Expect more small-to-medium maps and surgical reworks rather than giant new sandboxes. Tanglewood is getting a refresh, and if Sunny Meadows Restricted is the template, High School and Prison should follow with smartly cordoned-off versions. For solos, that’s huge: you’ll actually be able to learn and grind those spaces without burning an entire evening. For teams, the full-sized maps likely aren’t going away — they’ll just be options instead of obligations for progression. The only red flag: over-indexing on short maps could flatten the experience if every location becomes a Tanglewood reskin with different props. The diner’s interactivity works because it complements the fear, not because you can goof around — Kinetic needs to keep threading that needle.
Kinetic says the idea bank is full — and yes, they’re open to collaborations if the stars (and licenses) align. Knight was cautious but optimistic: “It’s hard to say right now if we’ll do that… I think it’d be really cool, and the players would be really happy.” Crossovers could be fun, but they’re not the solution to Phasmo’s biggest challenge: sustaining tension through 2026 without bloating the game. The focus on smaller, tighter, more interactive maps is the right call for the core loop. If restricted big-map variants land well, Phasmo could finally make its grandest spaces viable for everyone — not just four veterans with perfect comms and endless patience.

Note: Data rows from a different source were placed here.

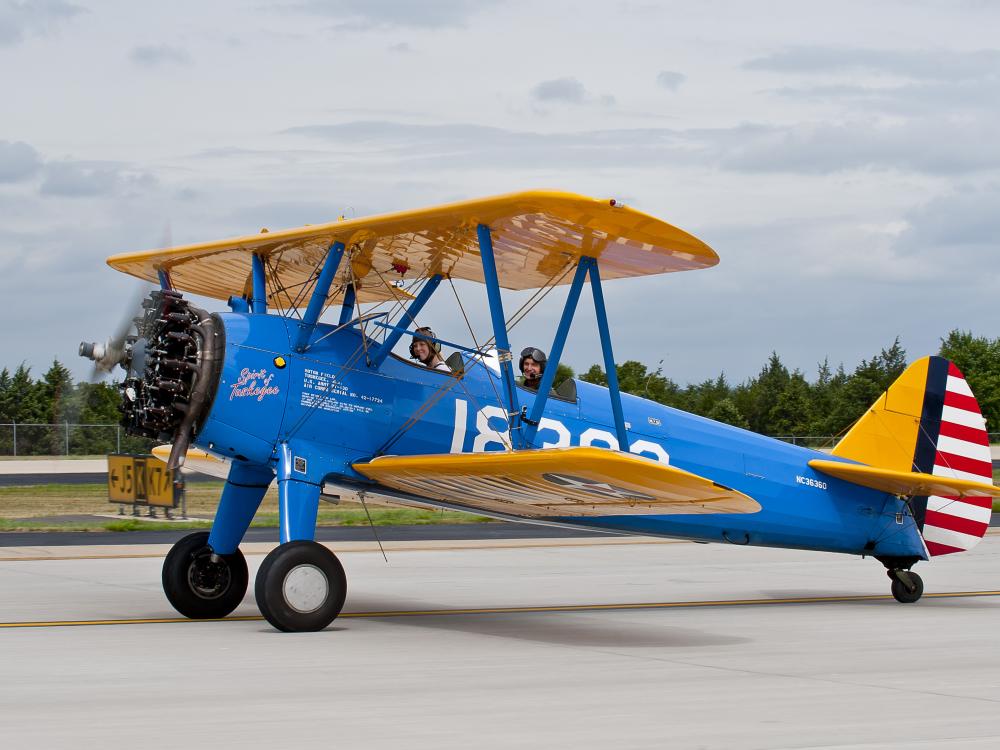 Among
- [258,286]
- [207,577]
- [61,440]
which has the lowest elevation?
[207,577]

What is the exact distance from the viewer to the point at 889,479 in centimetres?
1232

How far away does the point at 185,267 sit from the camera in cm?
1205

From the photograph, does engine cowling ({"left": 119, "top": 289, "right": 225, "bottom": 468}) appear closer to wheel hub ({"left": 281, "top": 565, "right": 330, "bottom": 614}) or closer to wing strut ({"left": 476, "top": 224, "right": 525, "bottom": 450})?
wheel hub ({"left": 281, "top": 565, "right": 330, "bottom": 614})

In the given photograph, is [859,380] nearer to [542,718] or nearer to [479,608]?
[479,608]

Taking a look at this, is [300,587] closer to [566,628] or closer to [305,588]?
[305,588]

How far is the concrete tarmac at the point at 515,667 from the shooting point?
597cm

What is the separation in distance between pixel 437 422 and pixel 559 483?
1651 mm

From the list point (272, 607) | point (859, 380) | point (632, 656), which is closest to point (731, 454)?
point (632, 656)

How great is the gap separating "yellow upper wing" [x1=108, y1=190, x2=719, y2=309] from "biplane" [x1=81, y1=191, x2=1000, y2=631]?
0.09 ft

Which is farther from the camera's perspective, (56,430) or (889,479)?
(56,430)

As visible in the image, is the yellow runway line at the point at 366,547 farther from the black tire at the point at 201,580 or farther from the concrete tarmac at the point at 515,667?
the black tire at the point at 201,580

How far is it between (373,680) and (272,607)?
2.08 meters

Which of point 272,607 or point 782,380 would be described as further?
point 782,380

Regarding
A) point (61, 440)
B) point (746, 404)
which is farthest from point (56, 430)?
point (746, 404) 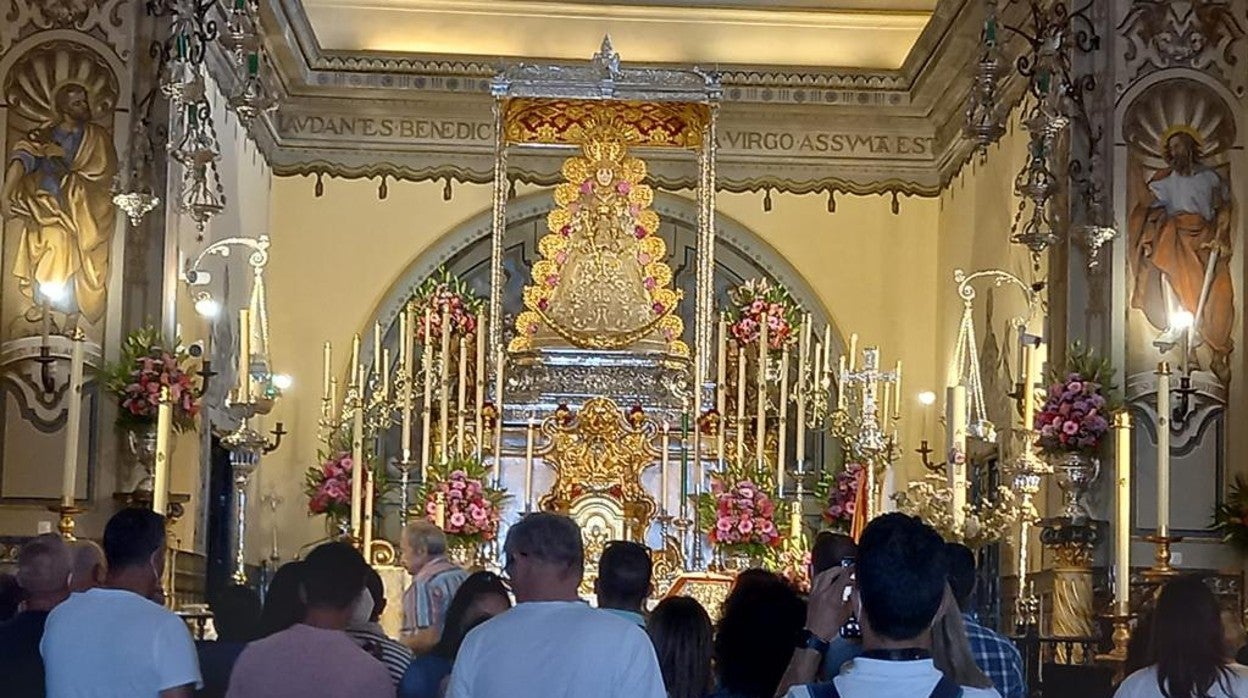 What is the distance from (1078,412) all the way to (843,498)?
4507 millimetres

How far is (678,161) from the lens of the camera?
694 inches

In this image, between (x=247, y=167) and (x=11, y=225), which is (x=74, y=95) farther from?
(x=247, y=167)

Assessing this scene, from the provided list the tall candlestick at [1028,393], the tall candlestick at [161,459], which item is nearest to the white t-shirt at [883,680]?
the tall candlestick at [161,459]

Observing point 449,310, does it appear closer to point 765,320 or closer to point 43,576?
point 765,320

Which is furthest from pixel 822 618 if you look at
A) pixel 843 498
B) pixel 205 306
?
pixel 843 498

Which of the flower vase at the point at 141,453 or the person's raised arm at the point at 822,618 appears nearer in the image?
the person's raised arm at the point at 822,618

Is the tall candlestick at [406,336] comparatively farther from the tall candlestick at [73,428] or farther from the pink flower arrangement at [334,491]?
the tall candlestick at [73,428]

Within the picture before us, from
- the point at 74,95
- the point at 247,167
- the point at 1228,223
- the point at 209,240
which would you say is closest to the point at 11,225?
the point at 74,95

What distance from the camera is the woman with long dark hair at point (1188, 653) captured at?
4609 millimetres

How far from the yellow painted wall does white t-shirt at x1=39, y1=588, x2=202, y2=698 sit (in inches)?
468

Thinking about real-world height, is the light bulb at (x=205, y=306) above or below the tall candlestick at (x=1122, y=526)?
above

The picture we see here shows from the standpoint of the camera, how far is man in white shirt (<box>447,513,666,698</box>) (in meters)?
4.29

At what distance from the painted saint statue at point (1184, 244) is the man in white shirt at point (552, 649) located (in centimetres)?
780

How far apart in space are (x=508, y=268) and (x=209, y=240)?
12.9 feet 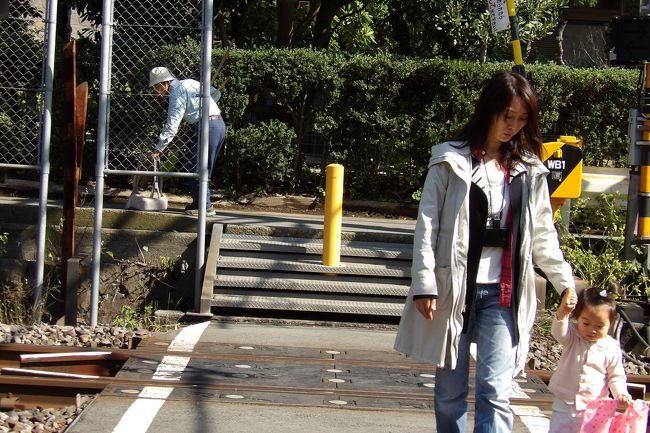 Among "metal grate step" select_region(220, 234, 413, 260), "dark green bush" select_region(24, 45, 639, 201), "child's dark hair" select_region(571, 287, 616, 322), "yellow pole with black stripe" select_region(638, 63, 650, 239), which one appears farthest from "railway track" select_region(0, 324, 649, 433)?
"dark green bush" select_region(24, 45, 639, 201)

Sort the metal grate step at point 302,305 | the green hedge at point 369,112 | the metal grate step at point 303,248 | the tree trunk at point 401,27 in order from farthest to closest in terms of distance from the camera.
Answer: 1. the tree trunk at point 401,27
2. the green hedge at point 369,112
3. the metal grate step at point 303,248
4. the metal grate step at point 302,305

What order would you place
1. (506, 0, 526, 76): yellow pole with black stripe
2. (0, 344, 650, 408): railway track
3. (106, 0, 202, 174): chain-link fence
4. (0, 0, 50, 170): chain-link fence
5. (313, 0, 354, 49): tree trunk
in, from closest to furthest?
1. (0, 344, 650, 408): railway track
2. (106, 0, 202, 174): chain-link fence
3. (506, 0, 526, 76): yellow pole with black stripe
4. (0, 0, 50, 170): chain-link fence
5. (313, 0, 354, 49): tree trunk

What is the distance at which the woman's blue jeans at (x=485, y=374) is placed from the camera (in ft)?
14.5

Nell’s Diner is a smart, Tanglewood-sized map that doubles down on quick, scary, and interactive hunts. Kinetic plans to rework High School and Prison and consider “Restricted” versions to make them playable for solo hunters. With 1.0 targeted for 2026, this is the kind of meaningful iteration that actually changes how we play week to week — as long as small doesn’t start to mean samey.